Bowsher's performance in fencing -- 11 victories and 29 defeats -- dropped him from medal contention.
"Everything was like a half-second too slow -- of sticking my arm out and reacting," he said. "I'm not trying to make an excuse, but I'm not a hundred percent right now. That little 'extra bit' you need just wasn't there today."
Bowsher bounced back during his ride atop Lady Day.
"The ride was really good," said Bowsher, 24, a native of Dallas who is stationed at Fort Carson, Colo. "I had to work to make him a good horse because it was the type of horse that needed to go fast and I made him go fast."
Bremer sympathized with his U.S. teammate, who couldn't muster enough speed from his own body.

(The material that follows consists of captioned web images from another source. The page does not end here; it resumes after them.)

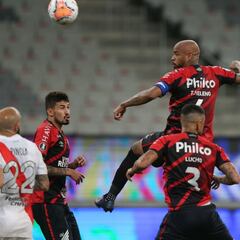 El cabezazo 'a lo Zamorano' con que Díaz brilló en River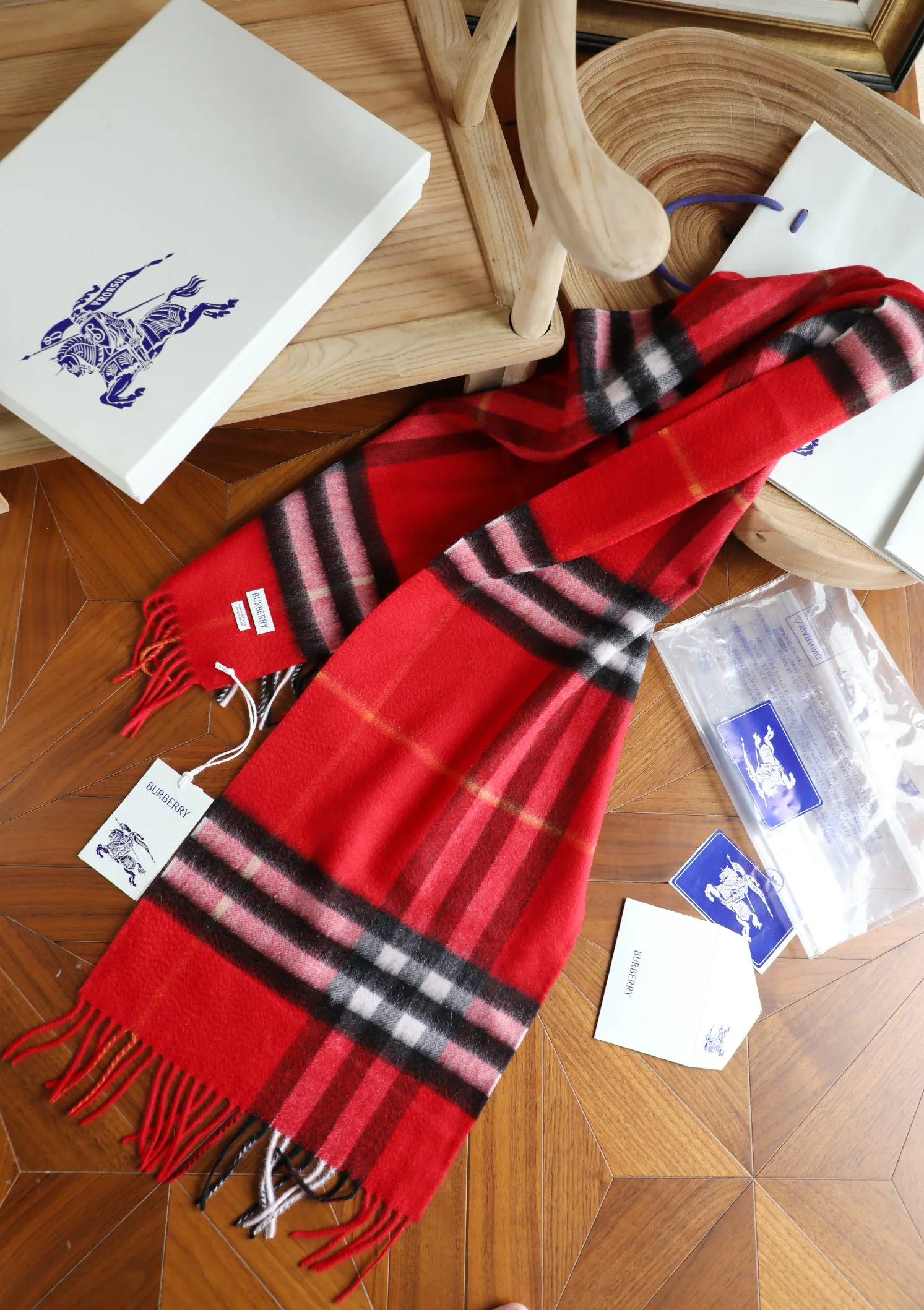 Шарфы Burberry 5073829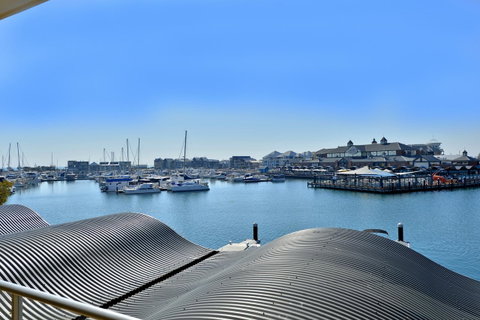 Dolphin Quay Apartments - Yamba Accommodation 13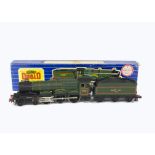 Late issue Hornby Dublo 00 Gauge 3-Rail 3221 'Ludlow Castle' Locomotive and Tender, No 5002, with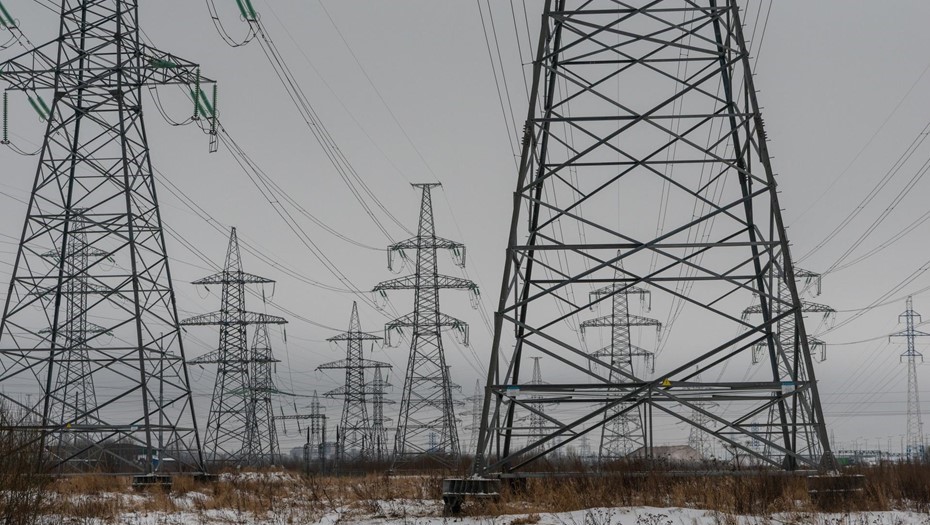 Линии электропередачи.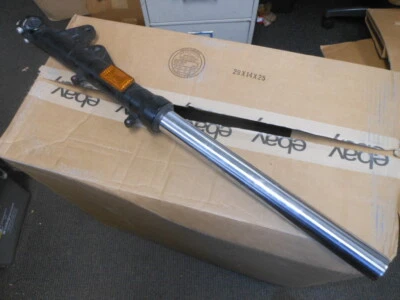 Horquilla delantera derecha BMW OEM Showa 2012-2018 F800GT F800 7719490 Foto 1 de 4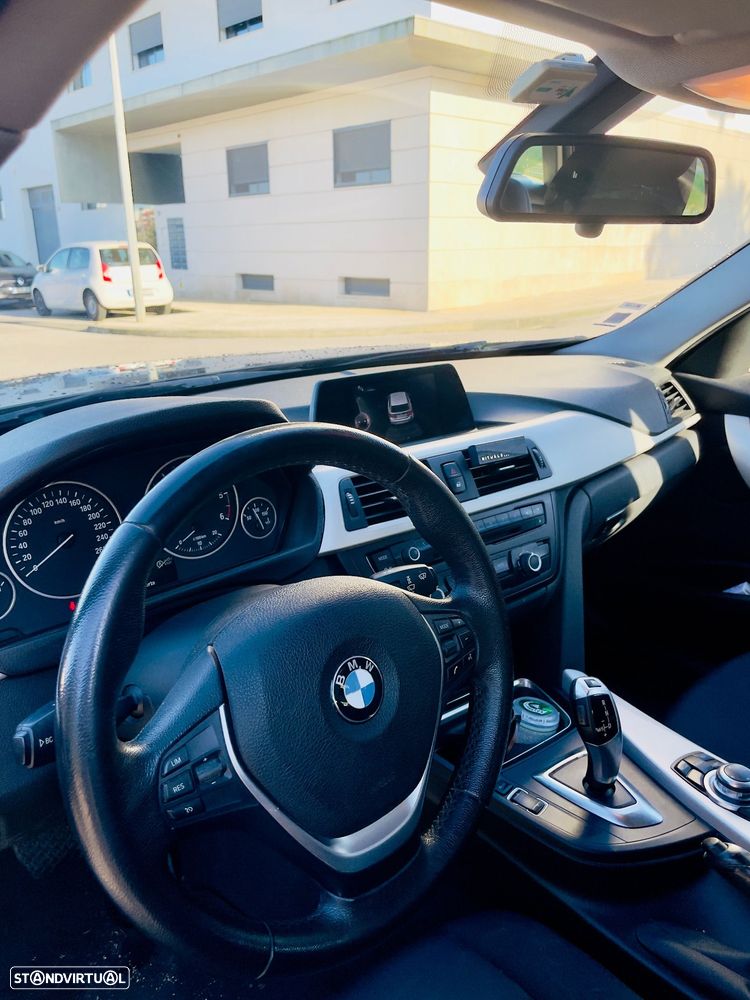 BMW 318 d Auto Exclusive - 6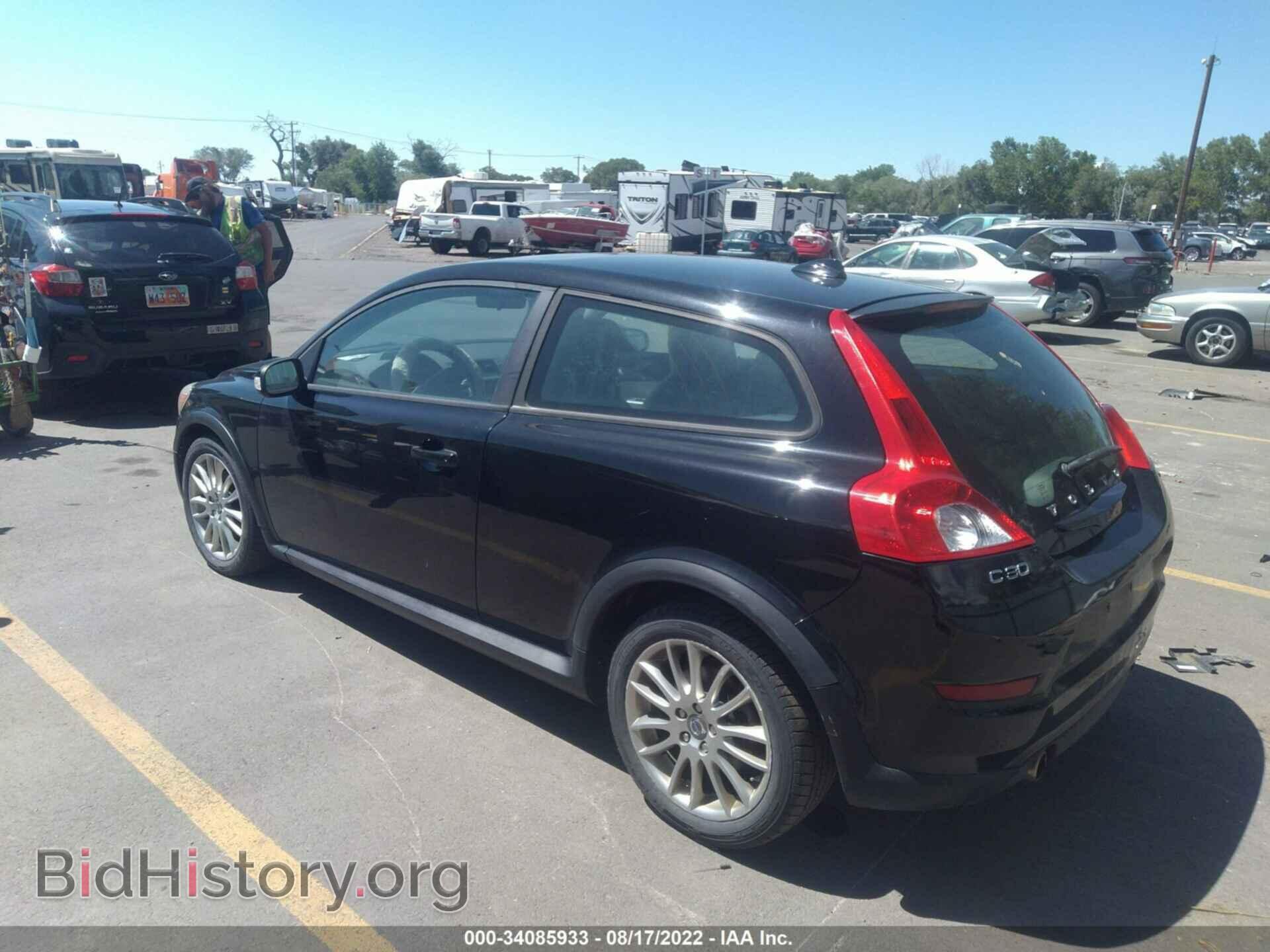 2011 VOLVO C30 - VIN: YV1672MK3B2191623 - Фото 3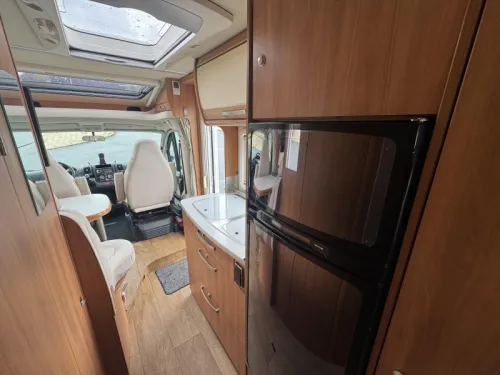 Hymer Exsis-T 588 EX With single beds & Air conditioning photo: 14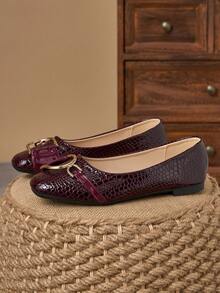 WHDXY 女士优雅米色方头鞋，金属搭扣设计，舒适通勤鞋，适合搭配优雅连衣裙、牛仔裤，日常出行、休闲散步、购物皆宜。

"Dennis has been really trying to pull through despite being really sick," Bremer said. "He's kept a positive attitude and I can't say enough about what a teammate he's been. It's hard when you're having a day like this because he's had the best year. He's our number-one athlete right now. He had that second place in the World Cup and he won Nationals. He's had the dream year and his day will come."
It all came down to the run, which Bremer won going away.
"My biggest strength right now is probably running, with swimming right behind it," he said. "The international field has gotten so fast in swimming that my running has actually taken over as the dominant sport where I score more points."
Bremer's uncle, Ambassador L. Paul Bremer III, served as the Presidential Envoy to Iraq and Administrator of the Coalition Provisional Authority that led the U.S reconstruction effort there from May 2003 to June 2004. Eli plans to separate from the Air Force in late September and become an active Reservist.
"It's always been a dream of mine since I was about 4 years old to go to the Olympics," he said. "I want to go to represent the U.S. and represent the Air Force to say thanks for how much they've done for me."
Bremer has a bachelor's degree in economics, a master's in marketing, and he's considering a government internship in Washington, D.C. He has little more than a year remaining to dream about Olympic gold. Bremer then should have plenty of time to savor his Olympic journey.
"I'll be 30 at the Olympics and I'll feel really satisfied to move on with my life," he concluded.